The company’s senior management team will be authorized to follow broad investment guidelines and, therefore, has great latitude in determining the types of assets that are proper investments for the company, as well as the individual investment decisions. The company’s senior management team may make investments with lower rates of return than those anticipated under current market conditions and/or may make investments with greater risks to achieve those anticipated returns. The company’s board of directors will not review or approve each proposed investment by the company’s senior management team.

If the company fails to establish and maintain an effective system of integrated internal controls, the company may not be able to report the company’s financial results accurately, which could have a material adverse effect on the company.

In the past, the company has reported the company’s results to participants in the subject LLCs and the private entities on a property-by-property basis, and the company has not separately reported audited results for the supervisor. In addition, the company was not required to report the company’s results on a consolidated basis under GAAP basis. In connection with the company’s operation as a public company, the company will be required to report the company’s operations on a consolidated basis under GAAP and, in some cases, on a property-by-property basis. The company is in the process of implementing an internal audit function and modifying the company-wide systems and procedures in a number of areas to enable the company to report on a consolidated basis under GAAP as the company continues the process of integrating the financial reporting of the supervisor. Section 404 of the Sarbanes-Oxley Act of 2002 will require the company to evaluate and report on the company’s internal control over financial reporting and have the company’s independent auditors issue their own opinion on the company’s internal control over financial reporting. If the company fails to implement proper overall business controls, including as required to integrate the systems and procedures of the supervisor and support the company’s growth, the company’s results of operations could be harmed or the company could fail to meet the company’s reporting obligations. In addition, the existence of a material weakness or significant deficiency could result in errors in the company’s financial statements that could require a restatement, cause the company to fail to meet the company’s public company reporting obligations and cause investors to lose confidence in the company’s reported financial information, which could have a material adverse effect on the company.
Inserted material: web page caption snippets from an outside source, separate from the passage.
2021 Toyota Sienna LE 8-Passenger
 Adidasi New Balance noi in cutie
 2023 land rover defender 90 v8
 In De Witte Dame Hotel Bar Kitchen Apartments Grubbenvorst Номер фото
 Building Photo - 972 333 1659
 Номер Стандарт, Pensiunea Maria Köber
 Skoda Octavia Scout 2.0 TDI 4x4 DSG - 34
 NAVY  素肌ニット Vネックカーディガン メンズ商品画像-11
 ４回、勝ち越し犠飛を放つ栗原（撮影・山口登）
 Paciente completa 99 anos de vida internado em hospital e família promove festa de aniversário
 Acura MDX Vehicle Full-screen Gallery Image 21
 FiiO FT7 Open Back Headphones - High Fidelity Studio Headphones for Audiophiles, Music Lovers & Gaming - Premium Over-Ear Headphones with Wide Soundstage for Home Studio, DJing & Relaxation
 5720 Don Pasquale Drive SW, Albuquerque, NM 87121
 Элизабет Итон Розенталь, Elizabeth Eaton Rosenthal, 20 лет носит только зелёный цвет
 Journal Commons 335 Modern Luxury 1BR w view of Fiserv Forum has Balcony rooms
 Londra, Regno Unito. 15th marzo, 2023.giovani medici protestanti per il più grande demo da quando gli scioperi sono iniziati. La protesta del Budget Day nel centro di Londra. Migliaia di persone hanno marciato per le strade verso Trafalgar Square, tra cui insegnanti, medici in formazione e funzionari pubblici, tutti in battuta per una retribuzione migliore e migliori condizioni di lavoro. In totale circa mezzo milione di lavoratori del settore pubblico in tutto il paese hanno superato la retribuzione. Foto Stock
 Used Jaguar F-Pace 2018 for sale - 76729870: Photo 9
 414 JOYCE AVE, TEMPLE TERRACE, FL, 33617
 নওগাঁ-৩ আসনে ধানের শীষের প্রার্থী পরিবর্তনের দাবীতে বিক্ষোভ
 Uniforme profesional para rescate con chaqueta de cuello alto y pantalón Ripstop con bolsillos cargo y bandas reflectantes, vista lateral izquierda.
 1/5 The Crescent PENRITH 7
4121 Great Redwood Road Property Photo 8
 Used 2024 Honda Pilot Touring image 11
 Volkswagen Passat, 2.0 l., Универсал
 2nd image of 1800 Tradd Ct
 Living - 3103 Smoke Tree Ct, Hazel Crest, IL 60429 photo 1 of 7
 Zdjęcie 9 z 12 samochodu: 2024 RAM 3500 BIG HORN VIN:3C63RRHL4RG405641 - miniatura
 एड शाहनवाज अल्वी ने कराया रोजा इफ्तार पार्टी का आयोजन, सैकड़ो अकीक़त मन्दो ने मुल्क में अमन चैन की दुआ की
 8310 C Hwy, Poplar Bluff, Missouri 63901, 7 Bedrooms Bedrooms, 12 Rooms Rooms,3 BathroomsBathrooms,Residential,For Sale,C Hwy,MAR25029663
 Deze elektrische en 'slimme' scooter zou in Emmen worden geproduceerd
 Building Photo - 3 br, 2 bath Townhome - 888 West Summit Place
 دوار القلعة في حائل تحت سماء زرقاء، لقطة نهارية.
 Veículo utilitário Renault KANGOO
There will be no public market for the operating partnership units or common stock prior to the IPO and an active trading market may not develop or be sustained following the IPO, which may negatively affect the market price of the operating partnership units issued to participants in the subject LLCs and shares of the Class A common stock and make it difficult for investors to sell their operating partnership units and shares.

Prior to the IPO, there will be no public market for the operating partnership units and common stock, and there can be no assurance that an active trading market will develop or be sustained or that operating partnership units or shares of the Class A common stock will be resold at or above the IPO price. The IPO price of shares of the Class A common stock will be determined by agreement among the company and the underwriters, but there can be no assurance that the operating partnership units or Class A common stock will not trade below the IPO price following the completion of the IPO. The market value of the operating partnership units and Class A common stock could be substantially affected by general market conditions, including the extent to which a secondary market develops for the operating partnership units and Class A common stock following the completion of the IPO, the extent of institutional investor interest in the company, the general reputation of REITs and the attractiveness of their equity securities in comparison to other equity securities (including securities issued by other real estate-based companies), the company’s financial performance and general stock and bond market conditions.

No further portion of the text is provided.